There are so many moments in Weston's record (written very much for posterity) where the rickety self-justifications for his  value system collapse - his back-stabbing of friends, carping about the work of other photographers, ripping off Mexican peasants, resenting the working class expectations of decent pay (he believes in 'surival of the fittest!').  At one point he almost abducts a 'pretty' beggar girl in the street of a town he is passing through - to give her a better chance in life with him - but the girl's pleas for him to speak to her mother first means she ultimately slips through his fingers.  His revelry in bullfighting - and anger at DH Lawrence who contemporaneously writes about its barbarity.  - But to regard actual prostitution as little more than 'inconvenient' compared to his own indignity at having to take photographs of people for money...

Weston mythologised himself and his achievement.  His vision was nowhere near as unique as he insisted but the timing for a return to 'straight photography' was right, for him and the others of that generation (including Paul Strand, Walker Evans, Dorothea Lange, Imogen Cunningham, Charles Sheeler).  If Weston had been European he would probably not even be known now.  He happened to be embraced by a surging, progressive American movement, open to photography in a way that certainly was not the case in Britain, but which was elsewhere (particulary Hungary, France, Germany and Russia).  Weston was prepared to not only claim equal status for photography to painting but at times to consider painting as now redundant.  If necessary he was prepared for photography to circumvent the need for all important categorisation as an 'art' if needs be, such was the belief in the medium.  This confidence was inherited from Alfred Steiglitz, mentor to most of them).  This is more impressive as he knew that it almost certainly entailed a life of penury.

The works, his and others, were radical in oppostion to pictorialism (a faux painterly soft focus style that had become dominant).  But this was not new - Carelton Watkins and Timothy O'Sullivan had undertaken extensive landscape projects with the emphasis on precision image making with large format equipment over half a century earlier.  And they were not alone.  When Weston sees a book of Atget's work (made decades earlier in France) he diminshes it, finding it empty.  (In fact when Weston sees any other competing photographer's work he immediately diminishes it.)

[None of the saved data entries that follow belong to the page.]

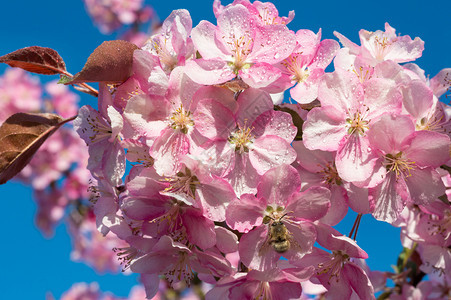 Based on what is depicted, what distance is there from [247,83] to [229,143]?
0.16 meters

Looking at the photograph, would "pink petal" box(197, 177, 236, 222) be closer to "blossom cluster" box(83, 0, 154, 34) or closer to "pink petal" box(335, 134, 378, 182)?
"pink petal" box(335, 134, 378, 182)

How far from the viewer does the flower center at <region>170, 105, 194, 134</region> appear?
124 centimetres

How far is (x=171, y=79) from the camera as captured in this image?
4.07ft

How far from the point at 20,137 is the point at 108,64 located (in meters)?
0.46

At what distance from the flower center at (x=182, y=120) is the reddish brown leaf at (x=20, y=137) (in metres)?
0.55

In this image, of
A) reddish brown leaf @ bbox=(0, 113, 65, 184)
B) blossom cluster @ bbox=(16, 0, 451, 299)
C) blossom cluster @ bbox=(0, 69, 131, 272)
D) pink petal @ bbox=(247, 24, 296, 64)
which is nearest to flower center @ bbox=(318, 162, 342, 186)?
blossom cluster @ bbox=(16, 0, 451, 299)

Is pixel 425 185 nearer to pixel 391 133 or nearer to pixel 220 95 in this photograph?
pixel 391 133

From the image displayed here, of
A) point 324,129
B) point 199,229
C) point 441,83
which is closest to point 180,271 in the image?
point 199,229

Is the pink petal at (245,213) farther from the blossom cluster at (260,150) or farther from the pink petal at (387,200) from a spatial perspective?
the pink petal at (387,200)

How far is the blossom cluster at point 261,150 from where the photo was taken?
1.20 meters

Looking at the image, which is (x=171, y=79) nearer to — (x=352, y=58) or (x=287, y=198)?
(x=287, y=198)

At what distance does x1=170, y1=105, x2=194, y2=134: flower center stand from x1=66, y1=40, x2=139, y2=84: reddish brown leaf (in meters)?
0.21

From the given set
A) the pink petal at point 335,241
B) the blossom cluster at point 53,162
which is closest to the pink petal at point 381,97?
the pink petal at point 335,241

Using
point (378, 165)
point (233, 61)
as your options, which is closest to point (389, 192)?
point (378, 165) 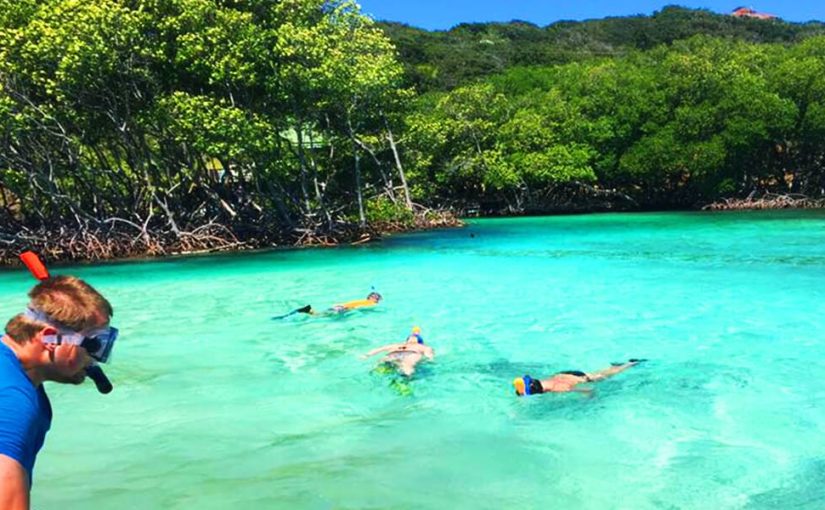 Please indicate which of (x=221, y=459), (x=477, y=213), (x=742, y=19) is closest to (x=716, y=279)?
(x=221, y=459)

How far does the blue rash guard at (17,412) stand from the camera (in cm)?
182

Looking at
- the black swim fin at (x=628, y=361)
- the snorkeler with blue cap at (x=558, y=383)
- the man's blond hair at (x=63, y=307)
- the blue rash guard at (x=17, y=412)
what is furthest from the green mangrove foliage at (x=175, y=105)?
the blue rash guard at (x=17, y=412)

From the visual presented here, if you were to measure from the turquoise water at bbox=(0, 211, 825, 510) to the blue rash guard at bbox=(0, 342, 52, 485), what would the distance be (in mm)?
2805

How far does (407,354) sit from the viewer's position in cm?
757

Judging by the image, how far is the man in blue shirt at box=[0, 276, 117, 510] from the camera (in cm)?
184

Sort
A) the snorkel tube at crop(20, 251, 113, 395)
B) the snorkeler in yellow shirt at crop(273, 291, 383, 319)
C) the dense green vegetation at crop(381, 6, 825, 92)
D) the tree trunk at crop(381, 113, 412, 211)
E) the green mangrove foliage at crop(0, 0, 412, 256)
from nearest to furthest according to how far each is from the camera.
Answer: the snorkel tube at crop(20, 251, 113, 395) < the snorkeler in yellow shirt at crop(273, 291, 383, 319) < the green mangrove foliage at crop(0, 0, 412, 256) < the tree trunk at crop(381, 113, 412, 211) < the dense green vegetation at crop(381, 6, 825, 92)

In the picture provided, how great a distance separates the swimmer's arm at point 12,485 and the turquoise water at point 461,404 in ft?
9.36

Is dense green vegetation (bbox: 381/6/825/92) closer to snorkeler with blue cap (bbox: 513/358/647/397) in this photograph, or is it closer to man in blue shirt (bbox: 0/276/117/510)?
snorkeler with blue cap (bbox: 513/358/647/397)

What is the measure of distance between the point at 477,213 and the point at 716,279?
92.0 ft

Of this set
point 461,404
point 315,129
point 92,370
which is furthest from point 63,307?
point 315,129

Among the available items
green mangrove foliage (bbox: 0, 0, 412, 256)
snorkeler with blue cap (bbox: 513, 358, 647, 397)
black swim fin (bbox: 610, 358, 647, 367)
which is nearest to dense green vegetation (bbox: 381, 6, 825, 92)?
green mangrove foliage (bbox: 0, 0, 412, 256)

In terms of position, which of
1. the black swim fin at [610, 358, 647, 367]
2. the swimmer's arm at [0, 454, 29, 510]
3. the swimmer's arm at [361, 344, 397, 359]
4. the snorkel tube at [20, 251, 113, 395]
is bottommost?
the black swim fin at [610, 358, 647, 367]

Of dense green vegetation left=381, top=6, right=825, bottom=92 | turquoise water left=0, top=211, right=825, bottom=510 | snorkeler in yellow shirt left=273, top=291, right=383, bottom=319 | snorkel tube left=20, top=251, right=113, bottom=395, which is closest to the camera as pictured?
snorkel tube left=20, top=251, right=113, bottom=395

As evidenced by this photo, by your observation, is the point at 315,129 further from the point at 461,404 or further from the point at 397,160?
the point at 461,404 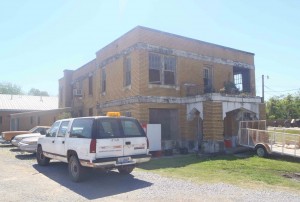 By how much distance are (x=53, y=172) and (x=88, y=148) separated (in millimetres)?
3315

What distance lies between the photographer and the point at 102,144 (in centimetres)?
843

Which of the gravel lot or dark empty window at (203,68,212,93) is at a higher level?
dark empty window at (203,68,212,93)

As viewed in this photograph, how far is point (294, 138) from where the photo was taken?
47.8 feet

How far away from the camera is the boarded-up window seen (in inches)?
691

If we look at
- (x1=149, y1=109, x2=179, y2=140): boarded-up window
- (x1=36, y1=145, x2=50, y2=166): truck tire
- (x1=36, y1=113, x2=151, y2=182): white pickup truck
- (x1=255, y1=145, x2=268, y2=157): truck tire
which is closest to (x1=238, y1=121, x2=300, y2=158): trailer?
(x1=255, y1=145, x2=268, y2=157): truck tire

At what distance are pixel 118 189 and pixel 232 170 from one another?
514 centimetres

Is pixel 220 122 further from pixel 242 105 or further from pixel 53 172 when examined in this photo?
pixel 53 172

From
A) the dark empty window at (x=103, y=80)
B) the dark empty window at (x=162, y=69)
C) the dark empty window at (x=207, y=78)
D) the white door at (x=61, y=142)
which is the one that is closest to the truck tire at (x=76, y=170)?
the white door at (x=61, y=142)

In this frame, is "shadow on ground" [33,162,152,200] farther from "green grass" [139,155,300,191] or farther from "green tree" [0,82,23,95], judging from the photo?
"green tree" [0,82,23,95]

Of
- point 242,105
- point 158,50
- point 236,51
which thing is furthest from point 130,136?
point 236,51

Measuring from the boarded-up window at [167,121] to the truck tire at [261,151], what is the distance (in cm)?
491

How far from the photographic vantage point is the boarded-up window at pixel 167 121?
1755cm

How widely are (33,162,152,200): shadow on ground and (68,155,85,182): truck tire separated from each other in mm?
158

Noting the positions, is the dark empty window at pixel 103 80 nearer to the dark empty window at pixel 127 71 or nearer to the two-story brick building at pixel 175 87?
the two-story brick building at pixel 175 87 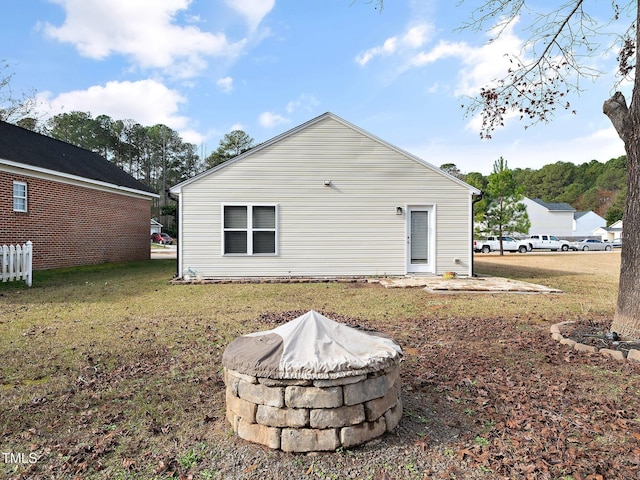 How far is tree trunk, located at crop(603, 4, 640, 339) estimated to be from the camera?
4.58m

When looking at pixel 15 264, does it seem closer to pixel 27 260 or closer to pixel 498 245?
pixel 27 260

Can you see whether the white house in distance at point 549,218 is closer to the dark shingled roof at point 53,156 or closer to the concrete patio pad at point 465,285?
the concrete patio pad at point 465,285

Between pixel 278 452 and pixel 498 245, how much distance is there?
30.6 meters

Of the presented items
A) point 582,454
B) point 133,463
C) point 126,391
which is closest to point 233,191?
point 126,391

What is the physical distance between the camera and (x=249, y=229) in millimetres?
10727

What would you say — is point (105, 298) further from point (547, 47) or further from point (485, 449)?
point (547, 47)

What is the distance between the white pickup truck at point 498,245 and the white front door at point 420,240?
19.4 meters

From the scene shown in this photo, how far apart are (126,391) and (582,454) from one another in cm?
357

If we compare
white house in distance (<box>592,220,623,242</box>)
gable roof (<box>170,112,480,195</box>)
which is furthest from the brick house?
white house in distance (<box>592,220,623,242</box>)

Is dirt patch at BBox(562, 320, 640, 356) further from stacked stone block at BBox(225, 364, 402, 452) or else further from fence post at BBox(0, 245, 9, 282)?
fence post at BBox(0, 245, 9, 282)

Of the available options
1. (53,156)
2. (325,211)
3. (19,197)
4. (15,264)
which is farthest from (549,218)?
(15,264)

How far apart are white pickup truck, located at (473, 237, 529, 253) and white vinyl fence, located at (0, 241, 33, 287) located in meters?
27.1

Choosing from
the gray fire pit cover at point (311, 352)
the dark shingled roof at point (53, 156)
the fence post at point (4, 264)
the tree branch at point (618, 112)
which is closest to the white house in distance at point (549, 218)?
the dark shingled roof at point (53, 156)

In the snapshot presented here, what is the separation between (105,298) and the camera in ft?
25.9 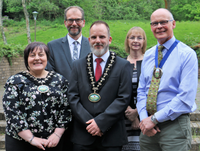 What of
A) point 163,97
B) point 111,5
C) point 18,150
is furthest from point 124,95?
point 111,5

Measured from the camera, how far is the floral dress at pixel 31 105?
2.34m

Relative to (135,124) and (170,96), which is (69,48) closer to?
(135,124)

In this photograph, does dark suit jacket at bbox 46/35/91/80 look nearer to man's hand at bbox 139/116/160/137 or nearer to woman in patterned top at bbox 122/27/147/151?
woman in patterned top at bbox 122/27/147/151

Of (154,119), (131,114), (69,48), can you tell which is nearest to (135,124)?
(131,114)

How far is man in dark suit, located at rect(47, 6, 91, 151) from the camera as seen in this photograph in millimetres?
2980

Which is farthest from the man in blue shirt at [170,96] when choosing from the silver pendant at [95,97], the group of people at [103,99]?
the silver pendant at [95,97]

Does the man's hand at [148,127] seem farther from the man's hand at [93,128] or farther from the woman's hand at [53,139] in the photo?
the woman's hand at [53,139]

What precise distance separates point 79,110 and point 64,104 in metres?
0.26

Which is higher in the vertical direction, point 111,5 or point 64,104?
point 111,5

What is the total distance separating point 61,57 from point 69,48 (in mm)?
197

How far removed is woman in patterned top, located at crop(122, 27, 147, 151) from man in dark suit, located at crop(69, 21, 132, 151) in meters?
0.59

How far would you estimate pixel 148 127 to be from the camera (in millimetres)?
2264

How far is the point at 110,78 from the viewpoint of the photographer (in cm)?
243

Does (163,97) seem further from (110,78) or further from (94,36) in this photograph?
(94,36) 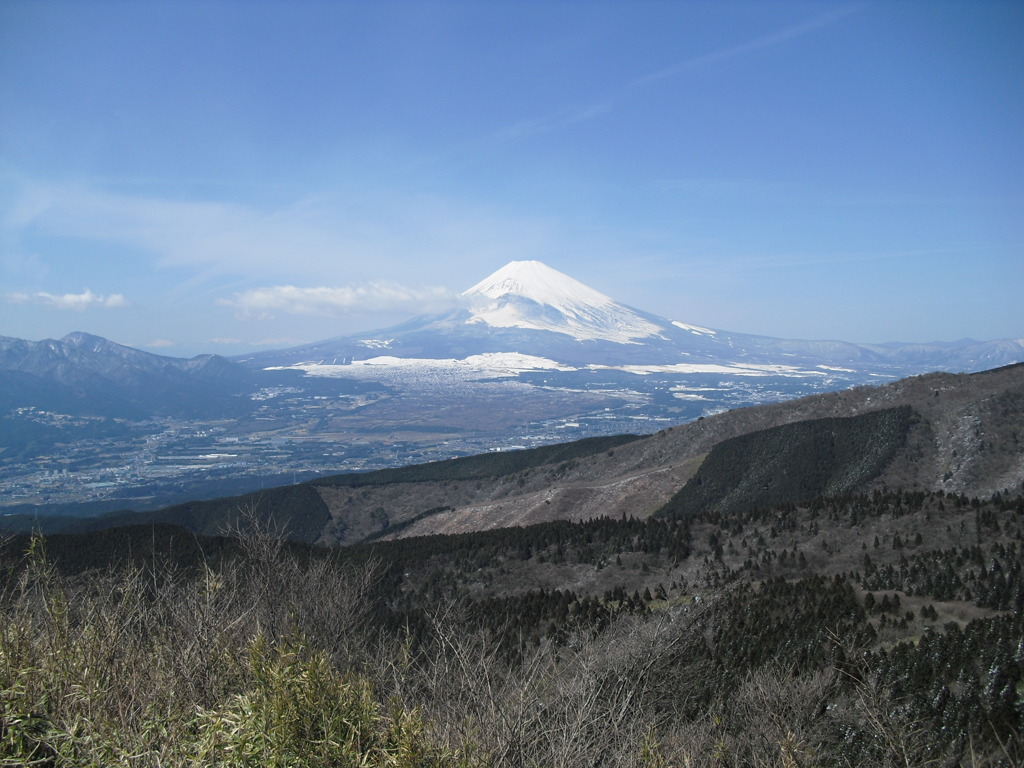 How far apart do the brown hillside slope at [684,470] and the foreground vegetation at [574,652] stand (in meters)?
13.3

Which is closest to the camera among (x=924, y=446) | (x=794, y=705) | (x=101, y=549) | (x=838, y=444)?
(x=794, y=705)

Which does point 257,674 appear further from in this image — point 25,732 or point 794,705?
point 794,705

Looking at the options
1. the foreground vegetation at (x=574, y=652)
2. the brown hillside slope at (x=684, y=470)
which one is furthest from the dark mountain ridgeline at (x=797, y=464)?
the foreground vegetation at (x=574, y=652)

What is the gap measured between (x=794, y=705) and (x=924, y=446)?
126ft

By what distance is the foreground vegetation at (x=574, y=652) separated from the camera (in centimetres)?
642

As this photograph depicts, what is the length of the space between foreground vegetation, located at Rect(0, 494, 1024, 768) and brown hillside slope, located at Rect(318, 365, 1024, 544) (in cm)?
1329

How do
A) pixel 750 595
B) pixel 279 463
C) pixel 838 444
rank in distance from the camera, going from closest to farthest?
1. pixel 750 595
2. pixel 838 444
3. pixel 279 463

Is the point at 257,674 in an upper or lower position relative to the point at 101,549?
upper

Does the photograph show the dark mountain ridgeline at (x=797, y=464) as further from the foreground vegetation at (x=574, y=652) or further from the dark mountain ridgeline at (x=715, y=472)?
the foreground vegetation at (x=574, y=652)

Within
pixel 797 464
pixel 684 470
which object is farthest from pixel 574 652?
pixel 684 470

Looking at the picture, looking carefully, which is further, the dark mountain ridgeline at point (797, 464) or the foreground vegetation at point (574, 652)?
the dark mountain ridgeline at point (797, 464)

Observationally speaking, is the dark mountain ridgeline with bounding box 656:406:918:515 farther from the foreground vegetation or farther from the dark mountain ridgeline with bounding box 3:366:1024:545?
the foreground vegetation

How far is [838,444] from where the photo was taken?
47312mm

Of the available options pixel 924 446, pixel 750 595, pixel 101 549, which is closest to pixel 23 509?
pixel 101 549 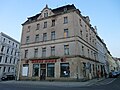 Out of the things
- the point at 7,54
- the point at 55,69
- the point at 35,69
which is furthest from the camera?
the point at 7,54

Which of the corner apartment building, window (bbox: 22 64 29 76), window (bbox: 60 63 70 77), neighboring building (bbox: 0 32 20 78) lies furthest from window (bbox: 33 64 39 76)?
neighboring building (bbox: 0 32 20 78)

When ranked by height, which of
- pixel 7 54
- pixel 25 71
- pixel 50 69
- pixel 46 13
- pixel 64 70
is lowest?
pixel 25 71

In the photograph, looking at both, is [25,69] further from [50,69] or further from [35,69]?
[50,69]

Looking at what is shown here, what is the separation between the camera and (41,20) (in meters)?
31.2

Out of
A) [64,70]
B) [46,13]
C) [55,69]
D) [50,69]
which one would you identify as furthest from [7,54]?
[64,70]

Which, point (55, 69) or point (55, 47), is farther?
point (55, 47)

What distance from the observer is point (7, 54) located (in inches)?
1854

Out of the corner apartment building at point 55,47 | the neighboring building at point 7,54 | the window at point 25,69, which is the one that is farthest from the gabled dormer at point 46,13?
the neighboring building at point 7,54

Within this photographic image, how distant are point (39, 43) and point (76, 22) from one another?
31.6 feet

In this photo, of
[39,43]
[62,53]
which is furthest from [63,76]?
[39,43]

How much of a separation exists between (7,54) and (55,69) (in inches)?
1110

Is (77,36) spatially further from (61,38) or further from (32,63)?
(32,63)

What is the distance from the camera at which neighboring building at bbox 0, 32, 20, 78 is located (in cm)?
4406

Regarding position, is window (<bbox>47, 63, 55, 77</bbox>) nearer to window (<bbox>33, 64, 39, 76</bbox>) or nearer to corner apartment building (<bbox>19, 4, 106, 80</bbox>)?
corner apartment building (<bbox>19, 4, 106, 80</bbox>) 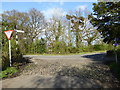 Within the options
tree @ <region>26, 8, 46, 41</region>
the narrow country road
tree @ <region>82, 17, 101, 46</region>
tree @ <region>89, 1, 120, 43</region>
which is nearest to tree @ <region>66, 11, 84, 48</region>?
tree @ <region>82, 17, 101, 46</region>

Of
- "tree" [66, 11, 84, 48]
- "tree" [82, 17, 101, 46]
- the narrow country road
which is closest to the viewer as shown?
the narrow country road

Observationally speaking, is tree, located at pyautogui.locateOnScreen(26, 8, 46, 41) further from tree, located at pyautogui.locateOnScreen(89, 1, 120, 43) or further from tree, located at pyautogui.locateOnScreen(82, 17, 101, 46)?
tree, located at pyautogui.locateOnScreen(89, 1, 120, 43)

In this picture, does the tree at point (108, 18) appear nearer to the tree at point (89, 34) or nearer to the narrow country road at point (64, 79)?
the narrow country road at point (64, 79)

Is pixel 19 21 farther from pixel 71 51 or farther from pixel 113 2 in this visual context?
pixel 113 2

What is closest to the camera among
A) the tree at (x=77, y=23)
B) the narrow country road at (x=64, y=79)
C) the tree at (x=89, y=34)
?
the narrow country road at (x=64, y=79)

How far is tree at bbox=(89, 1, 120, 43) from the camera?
7723mm

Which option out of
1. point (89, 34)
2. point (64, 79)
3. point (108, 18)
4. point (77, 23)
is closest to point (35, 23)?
point (77, 23)

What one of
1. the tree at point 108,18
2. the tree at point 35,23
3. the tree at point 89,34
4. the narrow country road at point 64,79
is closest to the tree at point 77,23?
the tree at point 89,34

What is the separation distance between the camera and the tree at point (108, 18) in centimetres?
772

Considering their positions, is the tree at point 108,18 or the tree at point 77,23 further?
the tree at point 77,23

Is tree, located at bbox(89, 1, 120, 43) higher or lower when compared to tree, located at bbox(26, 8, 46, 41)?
lower

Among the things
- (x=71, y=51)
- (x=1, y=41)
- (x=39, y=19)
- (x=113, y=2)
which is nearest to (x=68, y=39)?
(x=71, y=51)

Perhaps if Weston had worked in Brittany, making photographs of shells and peppers in the 1920s I expect American collectors would have little or no interest in him.  In large part his value seems to be that he is seen as a central figure of an American movement.

But there is no arguing with his productivity.  He spent most of his life compulsively taking photographs, and needless to say some of these are significant, regardless of their place in dusty histories of photography or their $500,000+ present day valuations.  Perhaps an ego of vast proportions - one morning he ruminates that he is probably the greatest portrait photographer in America, and therefore the world - was indispensible to maintain his resolve to keep working.  And times were often hard, he might photograph bananas as that was all he could afford to buy with the 35 cents he had left - and knowing he could eat them afterwards was central to that creative decision. 

It was a print of his - dead pelican - that when I was 15 or 16, bunking off school, which I rarely did, I came across in the local art gallery.  It was printed at contact size but had incredible presence despite its small size and age. Even in my everyday general teenage miserableness I felt aware of its significance - as Weston often notes, he had the power to reveal.  This photographer had come upon death, and had clearly expressed himself in this particular way with a camera on a beach in California a lifetime before - and I knew exactly what those minutes felt like to him.  Ironically, the effect was like being woken up from the general numbness and endless dazed stupor that was my way of being alive.